SPACE WIRE
Middle East media charge US with inciting Iraqi chaos
BEIRUT (AFP) Apr 12, 2003
Arab media slammed the United States Saturday for chaos in Iraq, charging Washington has encouraged vengence attacks and looting to ensure a compliant goverment is installed in Baghdad.

In Beirut, the daily Al-Safir, close to leaders in Syria, called the crisis "a deliberate plan" by US commanders "who let chaos reign to justify sending additional troops and appear with their agents as the sole solution in the eyes of the population.

"The main danger is that of looting and settling of scores taking on a religious and clannish tone and leading to civil war," the newspaper warned.

"They (the United States) are destroying Iraq to install a government chosen by hawks in Washington," headlined Al-Mostaqbal, owned by Lebanese Prime Minister Rafiq Hariri.

The United States is facing mounting pressure to restore order as lawlessness seized Iraqi cities after US troops entered Baghdad and toppled Saddam Hussein's regime.

"It appears this situation serves the Americans' purposes, because Iraqis will then accept any kind of authority, in particular one tied to the US administration, and the hawks will attain their goals," Al-Mostaqbal said.
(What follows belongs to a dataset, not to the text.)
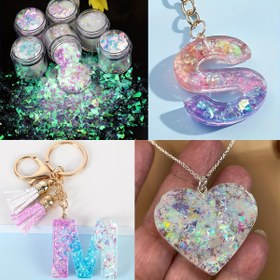 Resim 6 Şişe İridiscent Kalın Sim Pulları Seti - Çok Renkli Işık Yansımalı İr 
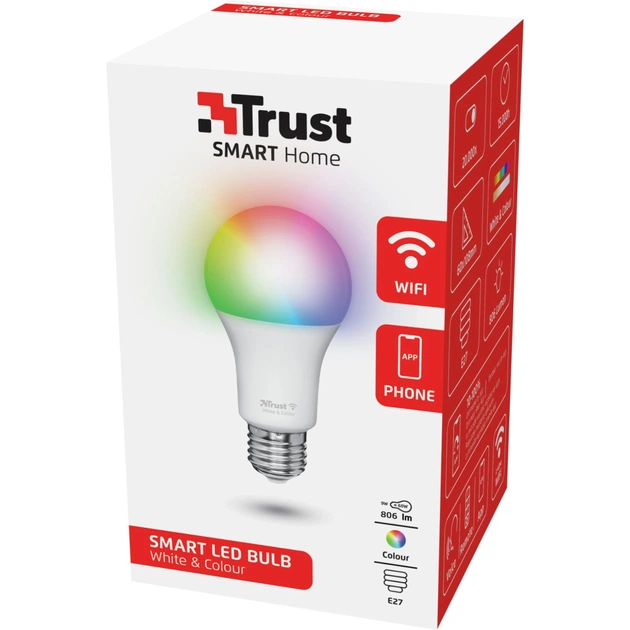 Розумна лампочка Trust E27 806 Lumen, 1800-6500k, RGBCW, white (71281_TRUST) - picture 4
Hundreds of Iraqis, including police officers, responded Saturday to a US appeal to help restore order and services, AFP reporters in Baghdad said.

But the call failed to reassure Baghdadis, who kept their shops closed and their fingers on the trigger to defend themselves against looters.

In Syria, the official press accused Washington of fueling insecurity by destroying the institutions in Baghdad to show Iraqis cannot rule themselves.

The "occupiers have worked and are working with all their might to dismantle the structures and companies of the state and force Iraq into the unknown," the Tishrin daily wrote.

The Saudi newspaper Al-Watan claimed: "What is taking place in Iraqi cities has never been seen in medieval ages or even deep in history when the law of the jungle was predominant.

"The question is: What are the US-British forces, which claimed that they had come to 'liberate' the Iraqi people, bringing democracy and freedom from the regime's oppression, doing?".

The daily Okaz warned Iraq could be torn by sectarian strife.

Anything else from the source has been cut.